Importante decisione nel corso del processo sull’omicidio di Omayma Benghaloum, uccisa dal marito Faouzi Dridi, la notte fra il 4 e 5 settembre 2015 con un violento colpo di bastone in testa.

La Corte d’Assise, composta dal giudice Nunzio Trovato e dal giudice a latere Giuseppe Miraglia, ha sciolto la riserva circa l’opportunità di acquisire o meno le dichiarazioni già rese nel corso della fase delle indagini della figlia maggiore della coppia, accogliendo la richiesta della parte civile, avv. Maristella Bossa, che rappresenta i genitori ed i fratelli della donna.

Questa istanza era scaturita al termine della precedente udienza, dopo che il neuropsichiatra Sergio Chimenz, nel proprio elaborato peritale si era espresso negativamente su un eventuale esame testimoniale al quale sottoporre due delle quattro figlie di Omayma e Faouzi Dridi, che si rivelerebbe nocivo per il percorso psicoterapeutico già in atto.

Proprio per non privare il processo di un importante elemento che possa dare la prova dei ripetuti maltrattamenti subiti dalla donna anche prima della sua tragica morte, senza però turbare la figlia maggiore, la Corte ha accolto la richiesta dell’avv. Bossa. La richiesta è stata supportata anche dalle altre parti civili, rappresentate dagli avv. Paola Rigano per le quattro figlie (tutte minorenni) di Omayma e dall’avv. Maria Gianquinto per il Centro Donne Antiviolenza di Messina, presieduto dall’avv. Carmen Currò.

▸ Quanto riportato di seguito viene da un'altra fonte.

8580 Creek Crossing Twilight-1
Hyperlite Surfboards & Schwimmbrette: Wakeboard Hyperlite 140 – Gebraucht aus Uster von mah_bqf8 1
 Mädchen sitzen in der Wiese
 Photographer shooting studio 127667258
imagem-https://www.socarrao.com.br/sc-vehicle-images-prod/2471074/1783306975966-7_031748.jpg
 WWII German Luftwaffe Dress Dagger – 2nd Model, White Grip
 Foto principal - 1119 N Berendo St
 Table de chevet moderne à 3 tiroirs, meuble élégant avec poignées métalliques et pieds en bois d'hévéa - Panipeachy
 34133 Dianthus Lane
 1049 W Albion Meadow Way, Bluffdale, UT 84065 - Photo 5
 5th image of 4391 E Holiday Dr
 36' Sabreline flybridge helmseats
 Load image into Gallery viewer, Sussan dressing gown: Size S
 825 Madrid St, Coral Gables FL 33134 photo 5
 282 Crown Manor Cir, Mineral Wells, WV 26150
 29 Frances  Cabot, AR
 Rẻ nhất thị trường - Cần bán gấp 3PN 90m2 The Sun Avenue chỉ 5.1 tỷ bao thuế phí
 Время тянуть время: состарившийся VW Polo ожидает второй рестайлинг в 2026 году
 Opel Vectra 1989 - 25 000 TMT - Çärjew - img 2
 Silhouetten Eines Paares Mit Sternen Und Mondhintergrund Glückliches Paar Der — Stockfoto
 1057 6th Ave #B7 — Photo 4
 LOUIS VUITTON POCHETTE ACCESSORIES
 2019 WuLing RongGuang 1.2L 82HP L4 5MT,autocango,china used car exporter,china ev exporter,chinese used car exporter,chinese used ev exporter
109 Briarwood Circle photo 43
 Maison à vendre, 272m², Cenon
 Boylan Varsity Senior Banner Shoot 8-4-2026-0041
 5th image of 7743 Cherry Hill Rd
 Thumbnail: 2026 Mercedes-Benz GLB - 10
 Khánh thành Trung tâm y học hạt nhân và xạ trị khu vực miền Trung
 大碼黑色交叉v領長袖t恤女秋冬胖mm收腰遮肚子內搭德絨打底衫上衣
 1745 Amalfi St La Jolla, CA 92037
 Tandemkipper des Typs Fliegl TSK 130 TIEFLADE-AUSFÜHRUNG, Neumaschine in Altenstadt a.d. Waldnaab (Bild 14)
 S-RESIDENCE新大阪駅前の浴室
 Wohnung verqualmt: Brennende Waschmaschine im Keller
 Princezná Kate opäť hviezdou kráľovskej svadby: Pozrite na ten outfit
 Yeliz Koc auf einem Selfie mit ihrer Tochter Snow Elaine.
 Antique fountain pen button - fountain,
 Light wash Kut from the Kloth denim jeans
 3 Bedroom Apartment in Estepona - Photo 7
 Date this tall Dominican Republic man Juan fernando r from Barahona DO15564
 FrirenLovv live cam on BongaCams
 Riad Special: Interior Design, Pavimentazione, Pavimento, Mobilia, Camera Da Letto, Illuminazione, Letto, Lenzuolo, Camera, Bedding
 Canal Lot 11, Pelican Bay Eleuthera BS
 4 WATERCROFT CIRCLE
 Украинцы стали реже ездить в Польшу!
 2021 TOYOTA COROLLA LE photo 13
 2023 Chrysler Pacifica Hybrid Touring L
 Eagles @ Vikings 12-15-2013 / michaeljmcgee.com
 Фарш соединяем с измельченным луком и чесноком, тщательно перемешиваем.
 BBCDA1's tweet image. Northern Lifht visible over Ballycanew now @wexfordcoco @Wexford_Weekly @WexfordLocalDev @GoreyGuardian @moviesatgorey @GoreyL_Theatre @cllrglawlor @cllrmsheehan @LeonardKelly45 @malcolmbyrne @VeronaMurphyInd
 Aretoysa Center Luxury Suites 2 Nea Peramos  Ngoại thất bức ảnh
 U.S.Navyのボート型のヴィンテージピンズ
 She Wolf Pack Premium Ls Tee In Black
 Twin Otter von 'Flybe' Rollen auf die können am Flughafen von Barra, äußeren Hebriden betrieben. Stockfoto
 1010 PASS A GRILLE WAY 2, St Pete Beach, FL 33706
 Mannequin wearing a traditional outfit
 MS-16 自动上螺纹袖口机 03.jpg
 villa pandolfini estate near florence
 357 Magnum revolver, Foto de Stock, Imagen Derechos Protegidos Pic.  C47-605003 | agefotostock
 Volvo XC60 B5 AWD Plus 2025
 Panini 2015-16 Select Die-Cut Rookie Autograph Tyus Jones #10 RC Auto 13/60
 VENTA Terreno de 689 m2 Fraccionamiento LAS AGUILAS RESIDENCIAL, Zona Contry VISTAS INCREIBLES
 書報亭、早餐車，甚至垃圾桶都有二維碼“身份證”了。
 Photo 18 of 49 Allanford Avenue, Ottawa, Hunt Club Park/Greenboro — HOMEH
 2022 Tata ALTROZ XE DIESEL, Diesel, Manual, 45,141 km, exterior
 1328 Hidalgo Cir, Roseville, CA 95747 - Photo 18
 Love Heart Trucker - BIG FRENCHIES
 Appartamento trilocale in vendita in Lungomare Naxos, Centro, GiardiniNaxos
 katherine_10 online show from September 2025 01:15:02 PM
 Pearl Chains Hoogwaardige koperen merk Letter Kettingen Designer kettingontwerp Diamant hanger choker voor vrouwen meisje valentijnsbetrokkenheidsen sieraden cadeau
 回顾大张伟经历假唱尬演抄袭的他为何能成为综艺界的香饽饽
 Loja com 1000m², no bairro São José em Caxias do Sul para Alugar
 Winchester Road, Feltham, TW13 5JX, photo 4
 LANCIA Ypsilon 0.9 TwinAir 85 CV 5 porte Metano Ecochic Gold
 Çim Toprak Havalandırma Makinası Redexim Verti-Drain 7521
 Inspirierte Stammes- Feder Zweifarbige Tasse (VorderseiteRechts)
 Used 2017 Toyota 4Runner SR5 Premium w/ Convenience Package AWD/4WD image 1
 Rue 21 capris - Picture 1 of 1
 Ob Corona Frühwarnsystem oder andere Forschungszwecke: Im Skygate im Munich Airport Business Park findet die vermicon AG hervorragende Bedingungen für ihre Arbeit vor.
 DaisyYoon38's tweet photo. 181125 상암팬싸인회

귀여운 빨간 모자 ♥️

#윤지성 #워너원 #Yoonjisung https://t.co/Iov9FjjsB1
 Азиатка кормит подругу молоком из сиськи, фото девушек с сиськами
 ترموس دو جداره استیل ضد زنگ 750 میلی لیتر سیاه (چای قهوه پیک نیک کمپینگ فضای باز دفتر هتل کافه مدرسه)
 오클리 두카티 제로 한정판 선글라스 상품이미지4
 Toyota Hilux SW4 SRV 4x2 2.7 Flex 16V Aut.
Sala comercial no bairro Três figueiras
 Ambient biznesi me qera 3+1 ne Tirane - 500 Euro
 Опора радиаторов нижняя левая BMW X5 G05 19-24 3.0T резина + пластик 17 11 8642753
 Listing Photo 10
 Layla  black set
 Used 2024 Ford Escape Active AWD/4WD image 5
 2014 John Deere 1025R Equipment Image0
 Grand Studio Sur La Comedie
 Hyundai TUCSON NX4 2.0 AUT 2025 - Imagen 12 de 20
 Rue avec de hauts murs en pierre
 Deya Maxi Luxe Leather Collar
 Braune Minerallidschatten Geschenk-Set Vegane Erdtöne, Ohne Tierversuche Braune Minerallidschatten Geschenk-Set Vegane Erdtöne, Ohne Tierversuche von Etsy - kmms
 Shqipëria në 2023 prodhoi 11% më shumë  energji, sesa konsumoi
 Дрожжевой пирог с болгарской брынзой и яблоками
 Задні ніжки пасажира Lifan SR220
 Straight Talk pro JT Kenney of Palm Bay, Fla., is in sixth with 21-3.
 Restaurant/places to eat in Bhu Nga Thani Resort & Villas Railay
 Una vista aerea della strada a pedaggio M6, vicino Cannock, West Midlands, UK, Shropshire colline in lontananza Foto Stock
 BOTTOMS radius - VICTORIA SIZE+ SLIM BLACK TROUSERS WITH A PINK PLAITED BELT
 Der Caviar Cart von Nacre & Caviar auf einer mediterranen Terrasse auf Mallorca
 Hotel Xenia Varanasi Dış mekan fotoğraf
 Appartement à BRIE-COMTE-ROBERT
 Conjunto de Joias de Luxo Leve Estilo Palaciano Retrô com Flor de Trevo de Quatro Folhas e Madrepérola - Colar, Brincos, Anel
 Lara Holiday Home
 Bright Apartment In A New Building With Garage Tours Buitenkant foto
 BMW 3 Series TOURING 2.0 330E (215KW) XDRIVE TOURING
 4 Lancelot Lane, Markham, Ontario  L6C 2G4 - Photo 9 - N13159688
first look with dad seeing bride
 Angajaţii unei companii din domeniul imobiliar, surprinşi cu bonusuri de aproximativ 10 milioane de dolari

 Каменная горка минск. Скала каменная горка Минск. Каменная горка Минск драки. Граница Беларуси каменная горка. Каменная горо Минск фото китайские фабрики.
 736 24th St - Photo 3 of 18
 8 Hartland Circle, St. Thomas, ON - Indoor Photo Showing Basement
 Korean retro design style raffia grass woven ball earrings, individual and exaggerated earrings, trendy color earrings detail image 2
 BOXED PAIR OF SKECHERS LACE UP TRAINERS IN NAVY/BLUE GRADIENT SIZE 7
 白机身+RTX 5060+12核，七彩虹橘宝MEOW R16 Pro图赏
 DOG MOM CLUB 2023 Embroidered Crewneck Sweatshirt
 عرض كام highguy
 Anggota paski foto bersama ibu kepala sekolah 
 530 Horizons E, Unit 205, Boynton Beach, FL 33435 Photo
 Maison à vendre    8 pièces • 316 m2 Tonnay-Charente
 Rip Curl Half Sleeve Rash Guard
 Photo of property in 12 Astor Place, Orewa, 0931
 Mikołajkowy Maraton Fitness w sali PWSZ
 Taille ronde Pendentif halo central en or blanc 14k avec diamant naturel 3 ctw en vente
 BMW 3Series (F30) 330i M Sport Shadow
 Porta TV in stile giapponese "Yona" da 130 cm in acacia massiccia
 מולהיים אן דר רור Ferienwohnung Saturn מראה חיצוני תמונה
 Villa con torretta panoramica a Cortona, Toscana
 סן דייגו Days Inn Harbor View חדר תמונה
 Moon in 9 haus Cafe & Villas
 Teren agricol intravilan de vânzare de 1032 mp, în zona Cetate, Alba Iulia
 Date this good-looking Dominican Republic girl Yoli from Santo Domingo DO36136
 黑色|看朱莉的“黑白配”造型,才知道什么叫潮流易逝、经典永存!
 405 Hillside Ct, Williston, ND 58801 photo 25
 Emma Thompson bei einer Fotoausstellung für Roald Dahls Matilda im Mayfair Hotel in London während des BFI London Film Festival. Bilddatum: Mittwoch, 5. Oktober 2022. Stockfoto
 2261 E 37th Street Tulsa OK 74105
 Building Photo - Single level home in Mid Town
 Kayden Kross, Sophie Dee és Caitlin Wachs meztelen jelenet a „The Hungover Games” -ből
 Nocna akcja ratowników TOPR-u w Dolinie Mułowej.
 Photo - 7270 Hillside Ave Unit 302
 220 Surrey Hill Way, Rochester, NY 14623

Proprio il CEDAV, nei giorni scorsi aveva invitato la cittadinanza messinese a partecipare all’udienza di oggi, ma l’aula, purtroppo era quasi deserta.

Secondo quanto sostenuto da Faouzi Dridi, che è difeso dall’avv. Alberto D’Audino, l’ultimo tragico litigio era scaturito dalla gelosia dell’uomo, il quale ha affermato che la moglie voleva lasciarlo e che si era innamorata di un altro uomo.

Tutte circostanze che, comunque, non hanno avuto un reale riscontro e che non possono in alcun modo motivare l’uccisione della 32enne tunisina che lavorava come mediatrice culturale nell'Ufficio Immigrazione della Questura ed era in prima linea in occasione degli sbarchi di migranti al porto di Messina.

Infatti, nella fase dibattimentale del processo, è emerso sulla base delle testimonianze rese da persone che conoscevano bene Omayma, un’immagine di una donna devota alle figlie, al marito e sempre impegnata in attività lavorative per sostentare la famiglia.

Nella prossima udienza, fissata il 20 gennaio, si chiuderà l’istruttoria dibattimentale e si svolgerà la discussione finale.